The apology the next day was silly too. When I heard that my immediate thought was that it was PR spin stuff. What actually does Leo believe, that priests are sinning behind altars or that they are wonderful men?
In the Dáil he said that Micheál Martin reminded him of one of those parish priests, who tells us 'how to avoid sin while secretly going behind the altar and engaging in any amount of sin'.
Most political journalists are noticing how tetchy the relationship has become between the two leaders. No doubt the local elections have given Leo a fright and he's worried about the gains Fianna Fáil are making. Power is the name of the game. It must be a funny sort of relationship as Leo knows that he depends on Micheál to survive and yet he is his main opponent in Dáil Éireann.
Imagine had Leo made the derogatory comment about rabbis, mullahs or imams. Or indeed, had he said it about Church of Ireland clergy. What if he had said it about a spokesperson for Atheist Ireland? No, he specifically mentioned parish priests and that is a title exclusively used of priests within the Catholic Church.
Discrimination is an interesting phenomenon. These days it's part of the vocabulary of the politically correct classes to denounce all forms of discrimination. But that usually means the types of discrimination that are not currently fashionable.
It's interesting to note who sets the agenda. Fifty or 60 years ago it would have been an unwise taoiseach who would have insulted parish priests. He simply would not have done it because back then parish priests still had status, they still had clout.
There has been much in the media about the comment. The usual suspects have been outraged and there have been those who feel that he insulted the Fianna Fáil leader by likening him to a priest.
But we all discriminate, indeed, it seems part of our nature to do so.

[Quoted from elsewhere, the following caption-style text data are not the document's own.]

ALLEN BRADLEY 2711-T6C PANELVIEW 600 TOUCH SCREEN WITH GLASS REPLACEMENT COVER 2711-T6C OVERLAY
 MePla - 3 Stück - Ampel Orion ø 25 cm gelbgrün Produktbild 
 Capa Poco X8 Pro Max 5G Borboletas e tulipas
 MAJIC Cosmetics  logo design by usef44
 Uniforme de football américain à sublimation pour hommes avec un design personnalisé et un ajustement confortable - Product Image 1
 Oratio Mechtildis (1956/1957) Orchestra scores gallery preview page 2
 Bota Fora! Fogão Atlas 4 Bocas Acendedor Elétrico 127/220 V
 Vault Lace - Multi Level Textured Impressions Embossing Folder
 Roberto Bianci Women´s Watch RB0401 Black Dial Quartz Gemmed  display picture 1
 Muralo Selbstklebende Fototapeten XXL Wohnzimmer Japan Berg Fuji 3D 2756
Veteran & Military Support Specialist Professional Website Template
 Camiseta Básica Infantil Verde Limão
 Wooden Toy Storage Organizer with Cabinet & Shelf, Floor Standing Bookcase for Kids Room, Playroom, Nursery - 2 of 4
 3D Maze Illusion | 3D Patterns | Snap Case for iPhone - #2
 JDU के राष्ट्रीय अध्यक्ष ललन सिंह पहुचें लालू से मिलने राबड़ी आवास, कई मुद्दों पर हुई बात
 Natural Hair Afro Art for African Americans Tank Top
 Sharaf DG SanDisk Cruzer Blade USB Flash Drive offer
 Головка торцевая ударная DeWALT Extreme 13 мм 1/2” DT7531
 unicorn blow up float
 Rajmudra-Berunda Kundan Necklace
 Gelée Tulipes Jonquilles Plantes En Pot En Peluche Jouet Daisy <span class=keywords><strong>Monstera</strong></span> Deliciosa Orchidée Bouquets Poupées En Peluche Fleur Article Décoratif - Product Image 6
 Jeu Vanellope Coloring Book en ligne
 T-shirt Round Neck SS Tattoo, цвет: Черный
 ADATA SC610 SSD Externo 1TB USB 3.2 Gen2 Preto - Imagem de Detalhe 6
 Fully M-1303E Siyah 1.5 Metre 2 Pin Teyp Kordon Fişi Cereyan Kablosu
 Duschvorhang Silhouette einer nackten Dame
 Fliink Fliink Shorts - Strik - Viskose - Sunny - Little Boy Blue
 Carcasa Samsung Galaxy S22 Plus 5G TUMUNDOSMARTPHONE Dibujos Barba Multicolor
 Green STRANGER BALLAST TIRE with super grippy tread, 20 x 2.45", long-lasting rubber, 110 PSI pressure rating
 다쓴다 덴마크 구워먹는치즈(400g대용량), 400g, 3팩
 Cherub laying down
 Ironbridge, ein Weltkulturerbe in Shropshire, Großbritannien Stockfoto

One dictionary definition of the word is to make an unjust or prejudicial distinction in the treatment of different categories of people, especially on the grounds of race, sex, or age. You can add many other categories to that definition, you can add religion, looks, physical appearance, the way we speak, our status. The categories are endless.
Priests right now in Ireland are not necessarily the flavour of the month. Personally I think that is something positive as priests are above all expected to be prophetic and holy people. And you can't be a prophet and embedded within the status quo at the same time.
Leo's comment has made me give some thought to how we all behave and are governed by our underlying prejudices.
For instance, I am interested in accents and there are certain accents to which I am drawn. People's appearance influences me and how often I have got it wrong about the person because I've judged her or him on how they look or speak.
Leo, you should say what you mean. After all you have Dáil privilege and can say straight out what you want to say. If you want to tell Micheál Martin he's a hypocrite, then tell him.
Priests are not the only professionals who are sometimes hypocritical.
Hypocrisy is a major Shakespearean theme.